Aujourd’hui, Marc-André travaille comme agent de développement pour l’organisme Le Bon Pilote et s’implique quotidiennement auprès de nombreuses associations qui œuvrent à favoriser l’accessibilité et le lien social pour les personnes en situation de handicap.

« Qu’est-ce que tu veux, je ne vais pas rester chez moi à regarder les murs. De toute façon, je ne les vois pas », me répond-t-il de sa pointe d’humour lorsque je lui fais remarquer son emploi du temps de ministre.

Marie (23 ans) est aveugle de naissance.

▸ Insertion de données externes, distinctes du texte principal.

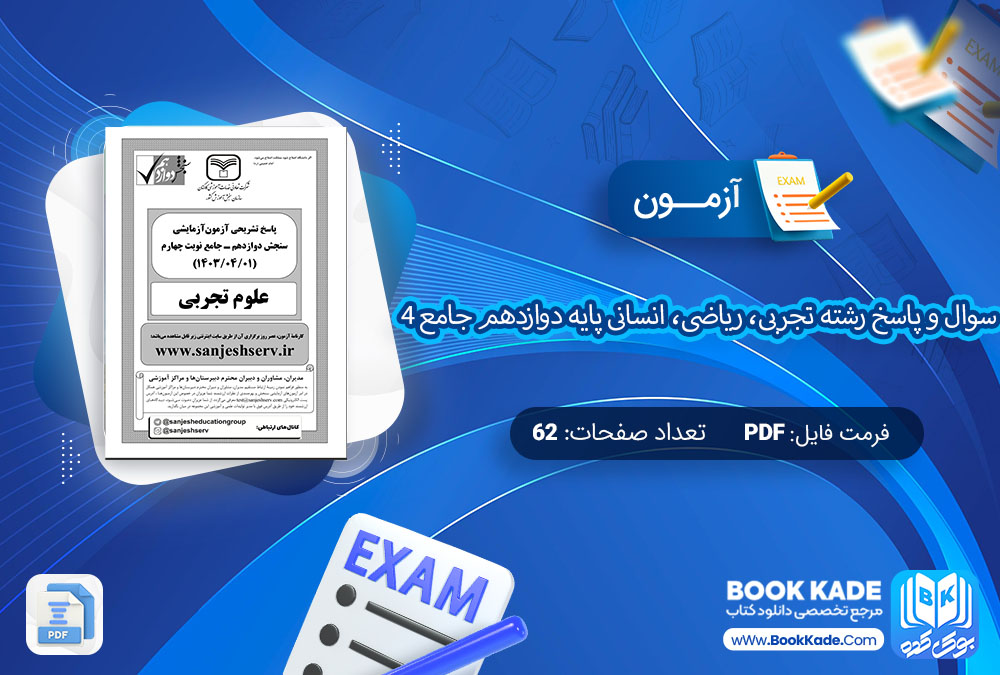 آزمون سوال و پاسخ رشته تجربی، ریاضی، انسانی پایه دوازدهم جامع 4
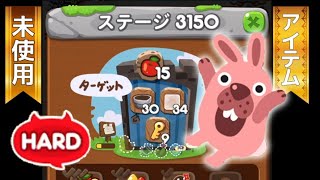 ステージ3150クリア！【アイテム未使用】　LINEゲーム　ポコポコ！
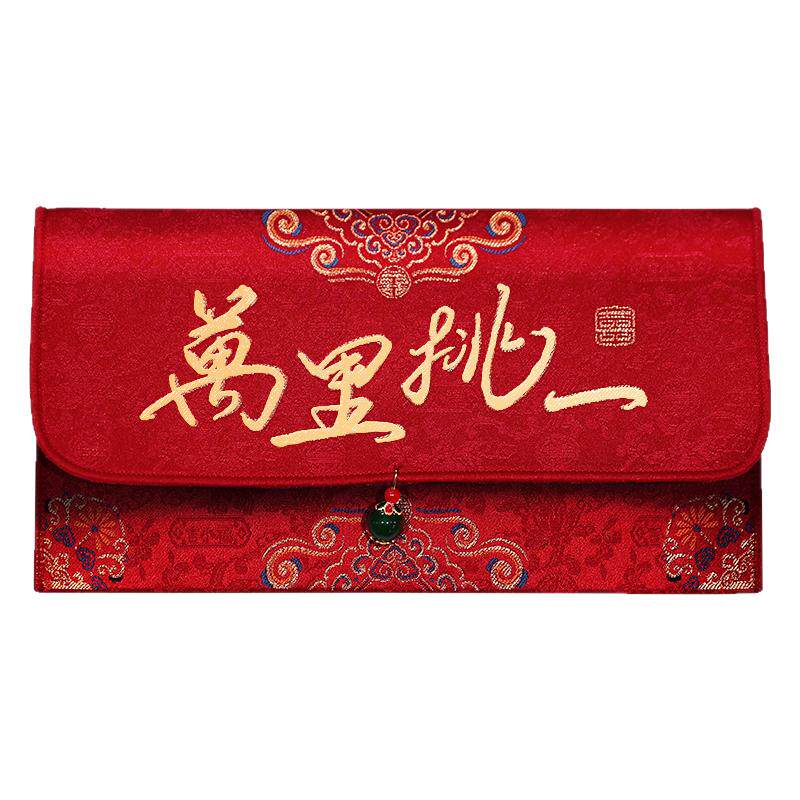 万里挑一见面礼红包结婚专用改口费大号2026新款高档订婚万元喜包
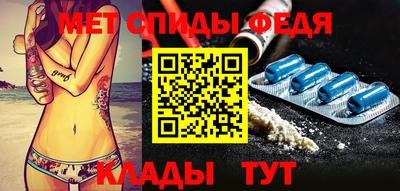 соль курить ск Усть-Илимск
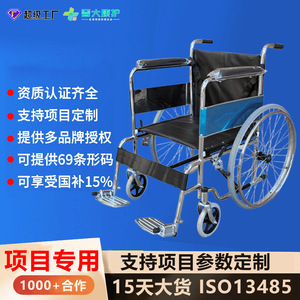 Fauteuil roulant pliable léger JINDA JD9000 avec siège souple électroplaqué, aide à la mobilité manuelle pour personnes âgées et handicapées, réadaptation - Product Image 3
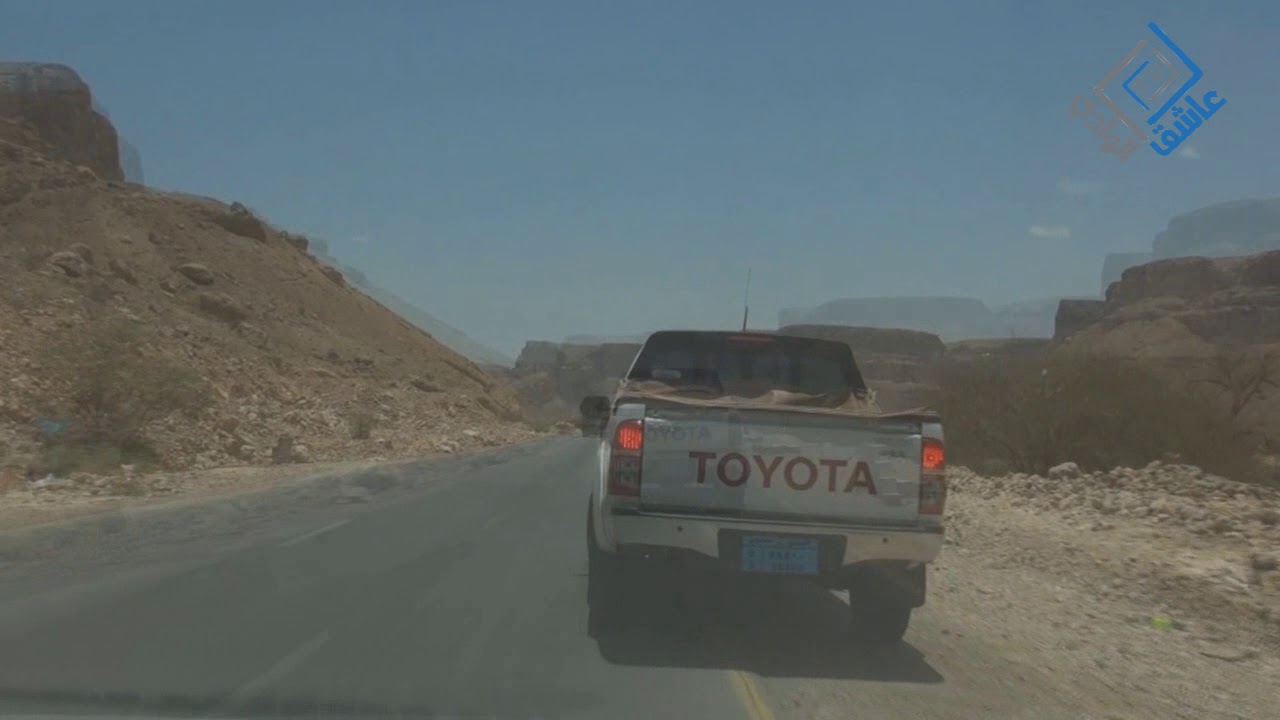 وادي دوعن _ حضرموت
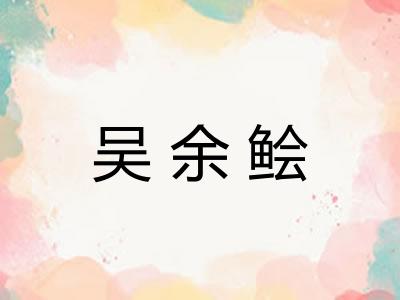 吴余鲙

Originaire de Mascouche, elle est venue s’installer seule à Montréal à ses 20 ans pour ses études. « Ça a été le début de beaucoup de responsabilités, surtout quand tu es handicapée », confie-t-elle. Étudiante en Sciences Politiques à l’Université de Montréal (UDEM), Marie aspire à travailler en diplomatie — elle, qui a fait le deuil, plus jeune, de ne pas pouvoir exercer le métier de ses rêves : celui de puéricultrice.

Face à son handicap, Marie est en perpétuelle quête d’autonomie et de liberté. Elle préfère se déplacer en transport en commun ou en Uber, bien qu’elle ait droit au service de transports adaptés. Équitation, danse, natation, musique, et même bricolage, Marie est une touche-à-tout, dotée d’une grande curiosité, sociabilité et d’un esprit critique. Elle se sent véritablement « handicapée » lorsque la société impose des limites d’accessibilité. 

Marie s’est souvent demandé à quoi ça pouvait bien ressembler de voir. « Si un jour, je croise Dieu, je lui demanderai », ironise-t-elle. 

Au Québec, on compte près de 100 000 personnes non-voyantes et malvoyantes, dont la très grande majorité vit sous le seuil de pauvreté.

De nombreux organismes locaux comme, la Fondation des Aveugles du Québec (FAQ), œuvrent au quotidien pour briser la pauvreté et l’isolement vécus par les personnes atteintes de déficience visuelle, et renforcer l’intégration sociale et communautaire. 

Chaque année, la FAQ repousse les limites de l’accessibilité en proposant une grande palette d’activités sportives et récréatives pour les 6-25 ans (ski alpin, tourisme, vélo tandem, deltaplane, cours de cuisine, cours de musique etc…) Alors, que plus de 80% des informations que nous recevons sont d’ordre visuel, ces activités sont aussi importantes pour aider les plus jeunes à développer leurs habiletés sociales et cognitives.